Retype each record below word for word. Leave the pictures out.

> Dataset items:
'''

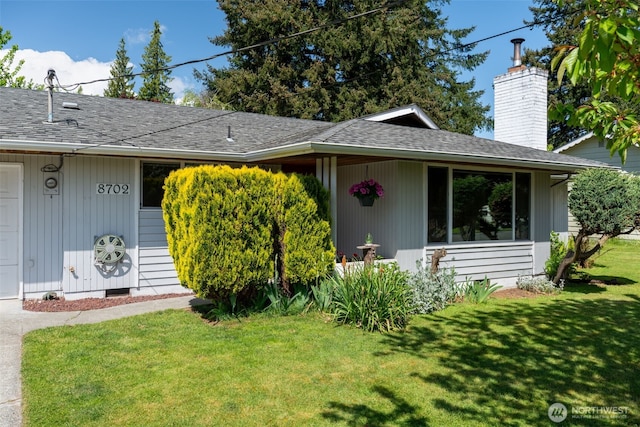 single story home featuring a front lawn, a chimney, and a shingled roof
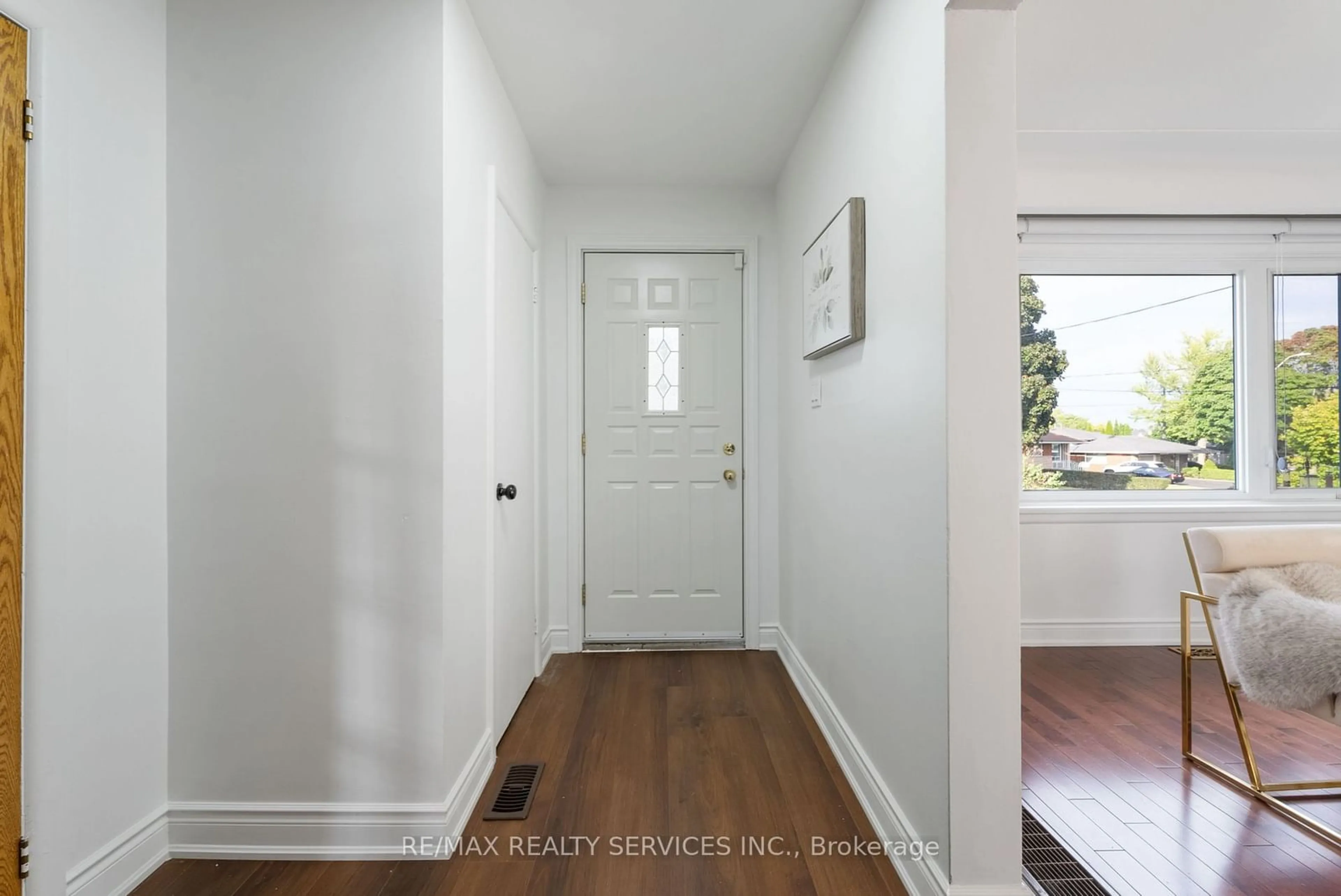 Indoor entryway, wood floors for 54 Orphir Rd, Hamilton Ontario L8K 3Z2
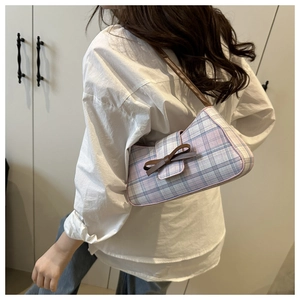 Détail du sac baguette à carreaux rose et bleu avec nœud en cuir marron et bandoulière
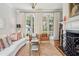 Bright living room with large fireplace, neutral decor, and beautiful French doors at 3 Atlantic St, Charleston, SC 29401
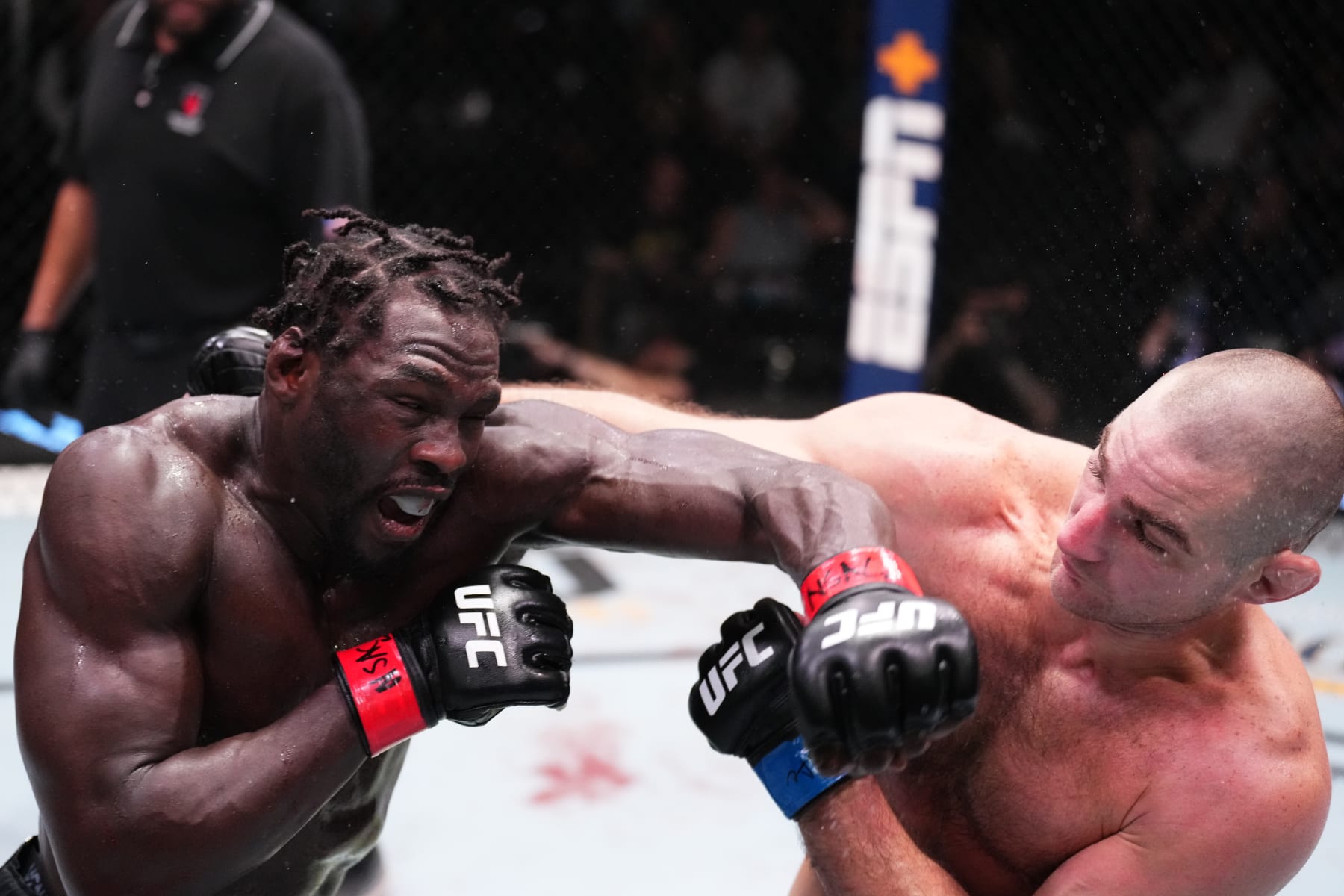 LAS VEGAS, NEVADA - DECEMBER 17: (L-R) Jared Cannonier punches Sean Strickland in a middleweight fight during the UFC Fight Night event at UFC APEX on December 17, 2022 in Las Vegas, Nevada. (Photo by Chris Unger/Zuffa LLC)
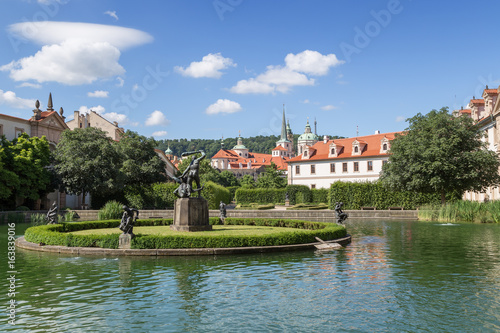 Pool, statue and building at the Wallenstein (Waldstein) Garden (Valdstejnska Zahrada). It's a public Baroque garden at Lesser Town in Prague, Czech Republic. St. Nicholas Church is in the background.
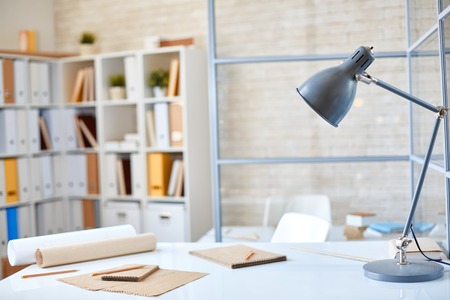 Desk with lamp, papers and pencils in office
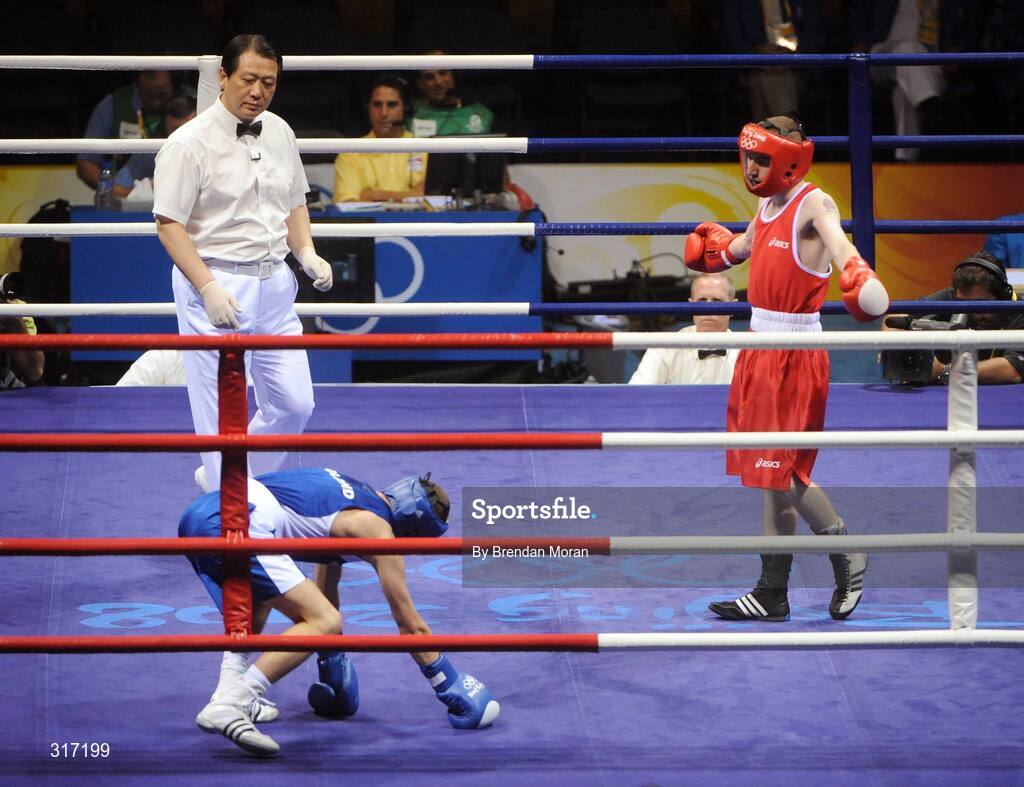 19 August 2008; Lukasz Maszczyk, in blue, Poland, goes down watched by Paddy Barnes, Ireland, during their quarter-final bout in the Light Fly weight, 48kg, contest. Beijing 2008 - Games of the XXIX Olympiad, Beijing Workers' Gymnasium, Olympic Green, Beijing, China. Picture credit: Brendan Moran / SPORTSFILE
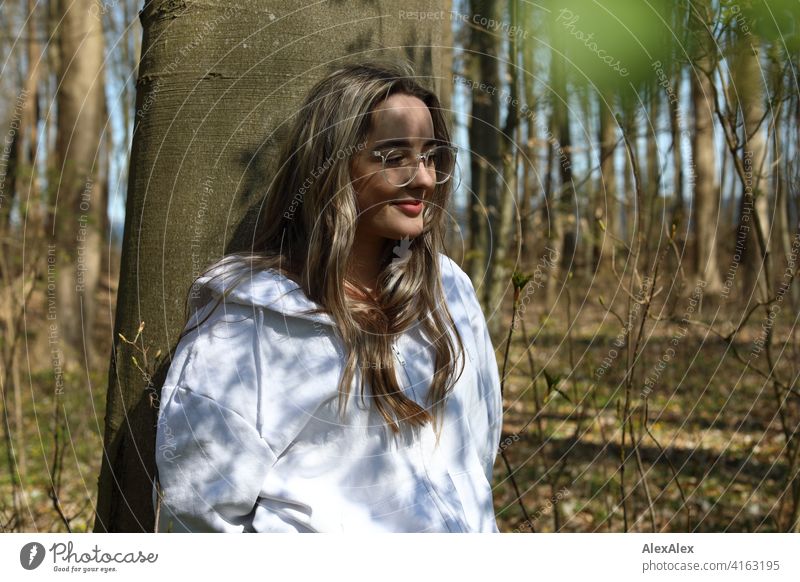 Ein schönes blondes Mädchen steht in einem Wald an einen Baum angelehnt und sieht seitlich in die Kamera, auf ihrem Gesicht ist ein Spiel aus Licht und Schatten von der Sonne und den Bäumen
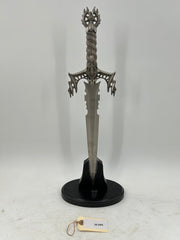 Gothic Fantasy Dagger – Ornate Metal Hilt with Serrated Blade and Wooden Display Stand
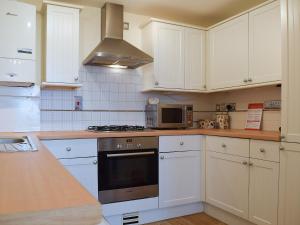 a kitchen with white cabinets and a stove top oven at Valeview Cottage in Great Malvern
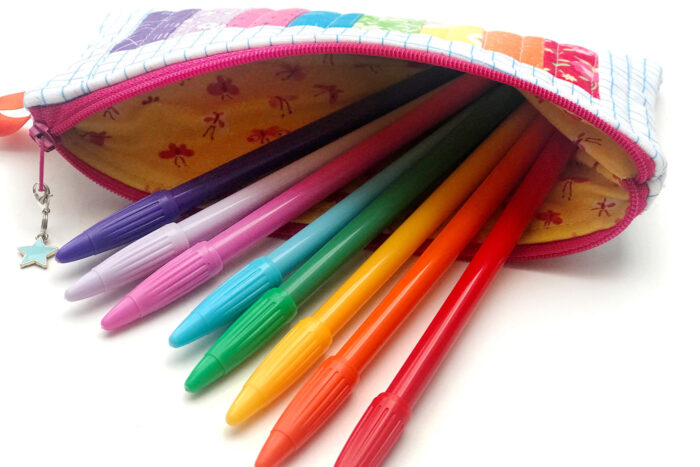 rainbow pencil pouch on white table with spools of thread and fabric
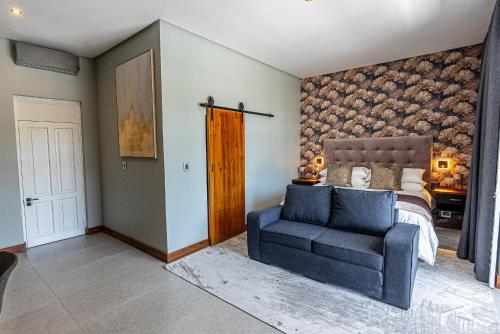 a bedroom with a bed and a blue chair at Beach Wood Boutique Hotel & Resort in Ballito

'''

> Result of the task:
 single story home featuring a front lawn, a chimney, and a shingled roof
 Indoor entryway, wood floors for 54 Orphir Rd, Hamilton Ontario L8K 3Z2
 Détail du sac baguette à carreaux rose et bleu avec nœud en cuir marron et bandoulière
 Bright living room with large fireplace, neutral decor, and beautiful French doors at 3 Atlantic St, Charleston, SC 29401
 LAS VEGAS, NEVADA - DECEMBER 17: (L-R) Jared Cannonier punches Sean Strickland in a middleweight fight during the UFC Fight Night event at UFC APEX on December 17, 2022 in Las Vegas, Nevada. (Photo by Chris Unger/Zuffa LLC)
 Pool, statue and building at the Wallenstein (Waldstein) Garden (Valdstejnska Zahrada). It's a public Baroque garden at Lesser Town in Prague, Czech Republic. St. Nicholas Church is in the background.
 Desk with lamp, papers and pencils in office
 19 August 2008; Lukasz Maszczyk, in blue, Poland, goes down watched by Paddy Barnes, Ireland, during their quarter-final bout in the Light Fly weight, 48kg, contest. Beijing 2008 - Games of the XXIX Olympiad, Beijing Workers' Gymnasium, Olympic Green, Beijing, China. Picture credit: Brendan Moran / SPORTSFILE
 Ein schönes blondes Mädchen steht in einem Wald an einen Baum angelehnt und sieht seitlich in die Kamera, auf ihrem Gesicht ist ein Spiel aus Licht und Schatten von der Sonne und den Bäumen
 Gothic Fantasy Dagger – Ornate Metal Hilt with Serrated Blade and Wooden Display Stand
 a kitchen with white cabinets and a stove top oven at Valeview Cottage in Great Malvern
 rainbow pencil pouch on white table with spools of thread and fabric
 a bedroom with a bed and a blue chair at Beach Wood Boutique Hotel & Resort in Ballito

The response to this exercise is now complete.